Ask HN: Common Patterns for Resiliency in Distributed Systems

2 points by rshetty 8 years ago | 2 comments

I am collating ideas on bringing resiliency in distributed systems at scale. I had previously written a article on this here: https://blog.gojekengineering.com/resiliency-in-distributed-systems-efd30f74baf4

Above article includes:

1) Timeouts

2) Retries

3) Circuit breakers

4) Fallbacks

5) Resiliency Testing

More patterns I can think of include

6) Rate limiting and Throttling

7) Bulkheading

8) Queuing to decouple tasks from consumers

9) Monitoring/alerting (Observability?)

10) Redundancies

Please let me know your experiences with these resiliency patterns. Also please feel to pitch in more other patterns if you have encountered any and was of immense help

Thanks for your time :)

anildigital 8 years ago |

Having worked with Elixir for a small web app and these days exploring Akka.

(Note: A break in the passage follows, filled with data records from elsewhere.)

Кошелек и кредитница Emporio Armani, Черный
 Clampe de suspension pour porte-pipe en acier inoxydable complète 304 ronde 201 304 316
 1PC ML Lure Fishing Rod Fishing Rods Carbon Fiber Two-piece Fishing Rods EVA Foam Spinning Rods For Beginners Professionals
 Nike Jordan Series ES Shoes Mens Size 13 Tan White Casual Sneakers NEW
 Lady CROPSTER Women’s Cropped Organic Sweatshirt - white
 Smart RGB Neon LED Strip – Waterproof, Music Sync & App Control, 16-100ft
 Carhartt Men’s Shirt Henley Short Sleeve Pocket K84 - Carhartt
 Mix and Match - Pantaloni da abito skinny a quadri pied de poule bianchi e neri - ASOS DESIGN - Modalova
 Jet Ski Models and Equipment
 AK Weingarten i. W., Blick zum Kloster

I am curious how you are able to achieve above resiliency patterns compared something Akka offers. Fundamentals wise these are concepts, but I am doubtful of handling these concerns properly without Actor model. I haven't read many comparisons between Kubernetes and fault tolerant abstractions such as supervisors etc that Akka provides. Hopefully, you would cover those.

rshetty 8 years ago | |

It is totally possible to implement these patterns without Akka. The blog post highlights the way be implemented some of these patterns.